SLAM: Mapping and Localization

3D Simulations

Article

Robotics · Algorithms · ⏱ ~15 min read · Last updated: 3 July 2026

Simultaneous Localization and Mapping (SLAM) solves a deceptively circular problem: a robot dropped into an unknown environment must build a map of its surroundings while simultaneously using that very map to figure out where it is. Neither task is possible without the other, yet decades of probabilistic robotics research — from the Extended Kalman Filter to particle filters to modern graph optimisation — have turned this "chicken-and-egg" problem into the backbone of self-driving cars, warehouse robots, drones and AR headsets. This article walks through the mathematics of state estimation, the major SLAM families, loop closure, and a working occupancy-grid implementation in JavaScript.

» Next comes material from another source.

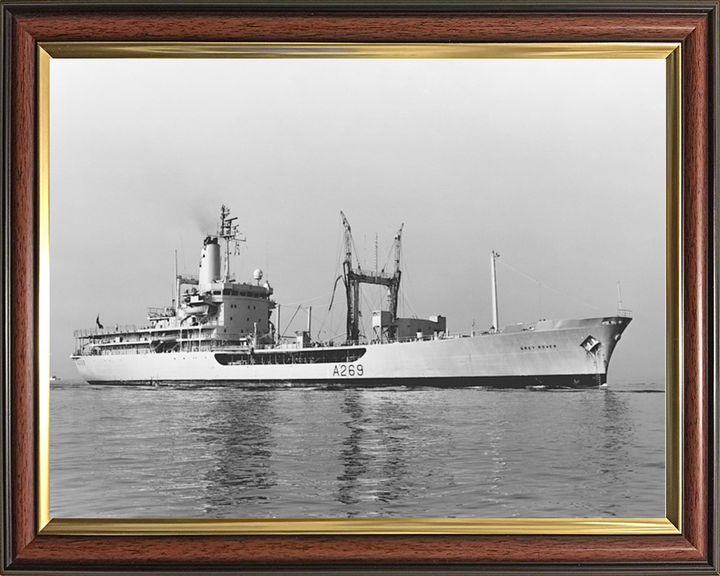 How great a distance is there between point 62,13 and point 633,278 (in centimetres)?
175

Written by MySimulator Team · Reviewed by MySimulator Editorial Review

1. The SLAM Problem

Formally, SLAM estimates the joint posterior over the robot's trajectory and the map, given noisy control inputs and noisy observations of landmarks:

p(x_1:t, m | z_1:t, u_1:t) x_t = robot pose at time t (position + heading) m = map (landmark positions or occupancy grid) z_1:t = sensor observations up to time t (LiDAR, camera, sonar) u_1:t = control/odometry inputs up to time t (wheel encoders, IMU)

Why is this hard? Odometry drifts — wheel slip and integration error accumulate unboundedly over distance. If the robot trusted odometry alone, its estimated position would diverge from reality the longer it drives. Landmarks observed from the map can correct this drift, but the landmark positions are only known relative to where the robot thinks it has been. Errors in localisation corrupt the map; errors in the map corrupt localisation. SLAM algorithms are the class of estimators that untangle this coupled uncertainty in a statistically consistent way.

Full SLAM vs. Online SLAM: Full SLAM estimates the entire trajectory x_1:t jointly with the map (solved via batch optimisation — this is what graph-based SLAM does). Online SLAM estimates only the current pose x_t recursively (solved via filtering — this is what EKF-SLAM and particle filters do). Full SLAM is generally more accurate; online SLAM is cheaper per step.

2. Motion and Sensor Models

Every SLAM algorithm needs two probabilistic models. The motion model predicts how the pose evolves given a control input, and the sensor model predicts what observation to expect given a pose and a map.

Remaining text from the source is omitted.